It is majorly important to me that I continue to do the things she would have done for herself and her family on the holidays, had she been well. I have been donned the family matriarch, which is an honor and also a back-breaker, but I can handle it because she always told me so. She took her holiday swag seriously so I make sure to decorate her home like she would have–on a much smaller scale, of course. Giant wreaths are hung in her glorious picture windows and she gets to enjoy the most perfect little Christmas tree. It is dripping with that Christopher Radko sparkle. Her favorite. I find comfort in knowing she is safe and at peace in the confines of her own home under the selfless care of her dream team, Flora and Zena.
Now here is the silver lining: we are only a few blocks away. We will cook and eat our traditional seven fishes and celebrate like we always have and then we will then head over in groups to be with her, shower her with gifts, and feed her Christmas dinner.
I only hope she is at ease this Christmas. That is all we can hope for and my one true Christmas wish.

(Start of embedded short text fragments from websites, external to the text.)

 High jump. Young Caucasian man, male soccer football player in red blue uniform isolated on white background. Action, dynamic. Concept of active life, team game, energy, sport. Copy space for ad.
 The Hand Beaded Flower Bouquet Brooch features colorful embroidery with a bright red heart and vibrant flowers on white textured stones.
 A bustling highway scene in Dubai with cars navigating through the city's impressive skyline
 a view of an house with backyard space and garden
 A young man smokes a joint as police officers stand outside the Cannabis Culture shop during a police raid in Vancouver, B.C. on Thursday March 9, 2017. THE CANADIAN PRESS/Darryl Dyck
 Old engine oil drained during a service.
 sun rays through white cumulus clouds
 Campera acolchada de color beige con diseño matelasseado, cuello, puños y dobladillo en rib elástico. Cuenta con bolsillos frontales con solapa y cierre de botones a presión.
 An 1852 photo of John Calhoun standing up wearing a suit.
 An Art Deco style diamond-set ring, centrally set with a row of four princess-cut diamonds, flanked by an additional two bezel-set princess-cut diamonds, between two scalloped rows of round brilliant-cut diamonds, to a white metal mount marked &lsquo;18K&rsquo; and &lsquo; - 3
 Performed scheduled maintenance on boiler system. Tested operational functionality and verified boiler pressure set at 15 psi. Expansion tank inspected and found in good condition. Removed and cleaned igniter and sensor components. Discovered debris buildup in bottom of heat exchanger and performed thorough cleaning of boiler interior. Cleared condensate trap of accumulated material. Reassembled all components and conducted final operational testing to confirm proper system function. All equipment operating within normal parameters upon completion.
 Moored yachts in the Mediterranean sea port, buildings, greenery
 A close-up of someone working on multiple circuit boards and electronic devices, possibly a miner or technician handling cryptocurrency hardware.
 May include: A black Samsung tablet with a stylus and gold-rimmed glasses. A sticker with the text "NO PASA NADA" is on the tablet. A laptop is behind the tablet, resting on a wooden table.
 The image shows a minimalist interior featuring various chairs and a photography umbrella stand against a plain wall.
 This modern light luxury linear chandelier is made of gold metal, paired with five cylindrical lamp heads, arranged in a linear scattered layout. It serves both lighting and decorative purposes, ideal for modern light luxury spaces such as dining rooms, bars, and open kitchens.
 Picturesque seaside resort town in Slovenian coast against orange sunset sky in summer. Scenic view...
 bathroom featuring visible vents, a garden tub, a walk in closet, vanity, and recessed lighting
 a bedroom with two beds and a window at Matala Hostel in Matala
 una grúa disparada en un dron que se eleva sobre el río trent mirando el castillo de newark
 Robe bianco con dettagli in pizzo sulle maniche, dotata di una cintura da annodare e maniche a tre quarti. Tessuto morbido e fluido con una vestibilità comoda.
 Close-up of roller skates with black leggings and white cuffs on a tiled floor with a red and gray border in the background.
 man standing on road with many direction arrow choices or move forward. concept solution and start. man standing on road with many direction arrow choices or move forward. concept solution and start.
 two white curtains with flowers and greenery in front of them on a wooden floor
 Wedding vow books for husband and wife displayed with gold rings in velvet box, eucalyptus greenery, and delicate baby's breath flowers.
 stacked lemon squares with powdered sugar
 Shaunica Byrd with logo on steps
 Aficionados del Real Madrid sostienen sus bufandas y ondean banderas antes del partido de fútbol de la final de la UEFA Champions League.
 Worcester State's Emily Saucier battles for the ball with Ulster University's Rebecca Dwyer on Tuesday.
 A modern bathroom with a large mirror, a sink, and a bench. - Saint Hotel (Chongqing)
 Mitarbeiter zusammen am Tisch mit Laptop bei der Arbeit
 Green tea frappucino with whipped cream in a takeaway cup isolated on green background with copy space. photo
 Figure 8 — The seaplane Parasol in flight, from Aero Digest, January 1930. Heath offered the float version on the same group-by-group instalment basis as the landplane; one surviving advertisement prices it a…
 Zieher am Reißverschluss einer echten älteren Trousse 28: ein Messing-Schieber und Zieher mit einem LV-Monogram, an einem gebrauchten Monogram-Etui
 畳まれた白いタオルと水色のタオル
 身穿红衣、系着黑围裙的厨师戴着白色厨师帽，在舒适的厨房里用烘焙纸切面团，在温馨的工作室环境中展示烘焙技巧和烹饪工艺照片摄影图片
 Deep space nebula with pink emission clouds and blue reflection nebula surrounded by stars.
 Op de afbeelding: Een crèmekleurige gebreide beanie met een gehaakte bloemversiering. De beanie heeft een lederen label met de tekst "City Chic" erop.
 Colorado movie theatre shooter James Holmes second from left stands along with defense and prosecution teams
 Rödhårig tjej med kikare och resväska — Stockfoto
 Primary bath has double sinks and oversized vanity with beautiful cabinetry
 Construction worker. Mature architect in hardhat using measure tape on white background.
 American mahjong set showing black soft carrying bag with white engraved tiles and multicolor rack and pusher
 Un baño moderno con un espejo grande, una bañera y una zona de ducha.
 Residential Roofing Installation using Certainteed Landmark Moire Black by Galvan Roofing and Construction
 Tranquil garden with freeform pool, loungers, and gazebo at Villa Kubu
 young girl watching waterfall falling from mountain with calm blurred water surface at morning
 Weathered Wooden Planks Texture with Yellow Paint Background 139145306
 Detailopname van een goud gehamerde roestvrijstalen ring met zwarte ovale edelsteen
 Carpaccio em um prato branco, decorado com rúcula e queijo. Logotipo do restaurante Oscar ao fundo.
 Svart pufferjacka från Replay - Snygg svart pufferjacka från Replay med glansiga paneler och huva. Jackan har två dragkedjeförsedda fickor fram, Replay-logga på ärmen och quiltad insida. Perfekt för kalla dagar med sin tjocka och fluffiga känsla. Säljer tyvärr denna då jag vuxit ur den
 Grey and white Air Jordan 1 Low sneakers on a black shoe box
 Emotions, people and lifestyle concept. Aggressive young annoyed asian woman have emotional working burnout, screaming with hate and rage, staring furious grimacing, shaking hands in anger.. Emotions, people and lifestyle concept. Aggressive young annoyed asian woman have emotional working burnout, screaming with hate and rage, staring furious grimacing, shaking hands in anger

Writing this has given me a lump in my throat that feels the size of a grapefruit. I try to view life with a positive outlook but I won’t pretend that all of this doesn’t leave a huge hole in my heart. I miss my mom, especially during the holidays. The grief can be overwhelming when I think about her sitting in her chair looking out her window, especially at Christmas while we are all going on with our lives. But, I try not to go to that place for too long. It’s too sad. I know she would have given her right arm to be with us on the holiday she worked so hard to make memorable for all of us. I have come to accept that our new normal is bringing Christmas to her and that is more than okay. I will honor her by doing my part to create warmth and magic in my home for years to come.